The camps sprung up across the world. In Sydney, we woke one morning to find a video of a young boy holding a sign, hand-painted on a piece of cardboard, reading: “Thank you for the students of University of Sydney. Your voice have reached Gaza”.

More university students got involved in the movement for Palestine in semester two, as student general meetings swept the country. Everywhere they happened, hundreds of students turned out to call on their universities to cut ties with weapons companies and Israeli institutions.

The University of Queensland kicked things off. On the night of the meeting, the registration line stretched across the campus, and by the time the vote was called students had filled two huge lecture theatres. More than 1,500 students voted to support Palestine and demand the university cut ties with the major arms dealer Boeing. When the meeting finished, students marched to the chancellery in what was probably the biggest ever campus demonstration for Palestine.

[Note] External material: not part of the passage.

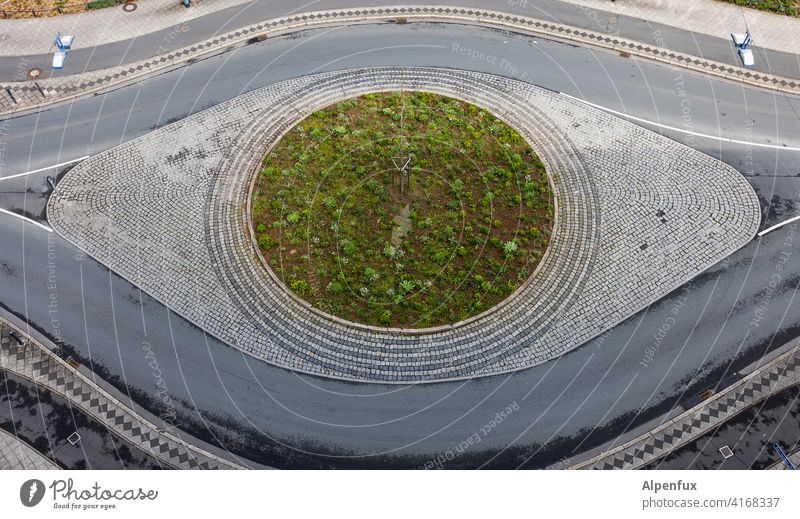 keep an eye on the traffic Gyroscope Traffic circle Eyes Deserted Traffic infrastructure Transport Street Exterior shot Colour photo Day Crossroads Town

Other campuses followed suit. More than 800 students mobilised at Sydney University, and 300 at the University of Western Australia. Two hundred attended at the University of Adelaide despite the right-wing student union’s attempt to stop the meeting altogether. A similarly obstructionist student union leadership couldn’t prevent 600 students from showing up at Melbourne University. On many campuses, students had to defy management’s attempts to stifle organising attempts. At Queensland University of Technology, university administrators called the police, who told activists they would remove from campus anyone who didn’t fit into the official meeting rooms.

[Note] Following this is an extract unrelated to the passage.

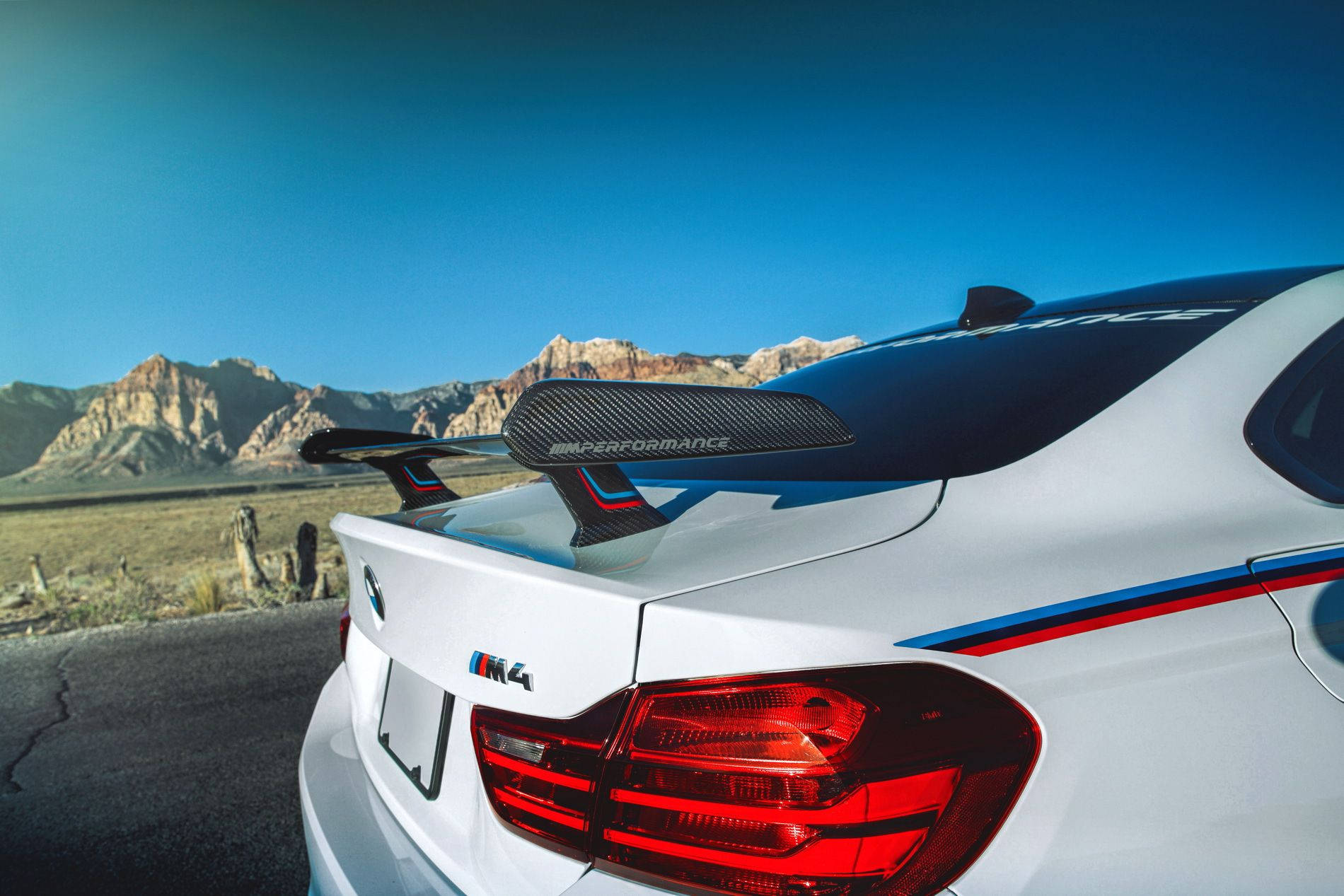 BMW M4 系列 壁紙 — 一輛白色BMW M4配備碳纖維尾翼，停泊在沙漠道路上，背景是岩石山脈和清澈的藍天。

The huge numbers at these meetings demonstrated that support for Palestine has grown rapidly over the past year. But we still have a major fight on our hands.

Universities have cracked down hard on pro-Palestine activism—dozens of students have faced university disciplinary proceedings due to their activism this year. Now, under pressure from the Australian government and Zionist organisations, vice-chancellors are introducing harsh new rules like the campus access policies at Melbourne and Sydney University. These limit free speech on campus by restricting students’ right to organise protests. We now have less freedom of expression at university than we have in the streets. At Sydney University, the recent Hodgkinson External Review, commissioned to determine how to better repress dissent, recommends banning lecture announcements, the displaying of banners and protesting inside.

The past year has proved that students won’t give up easily. Gaza has shown us the lengths our government and universities will go to shut down opposition to their support for Israel during a genocide. That they feel compelled to repress the student movement shows us that we are having an impact. We won’t stop fighting for Palestine.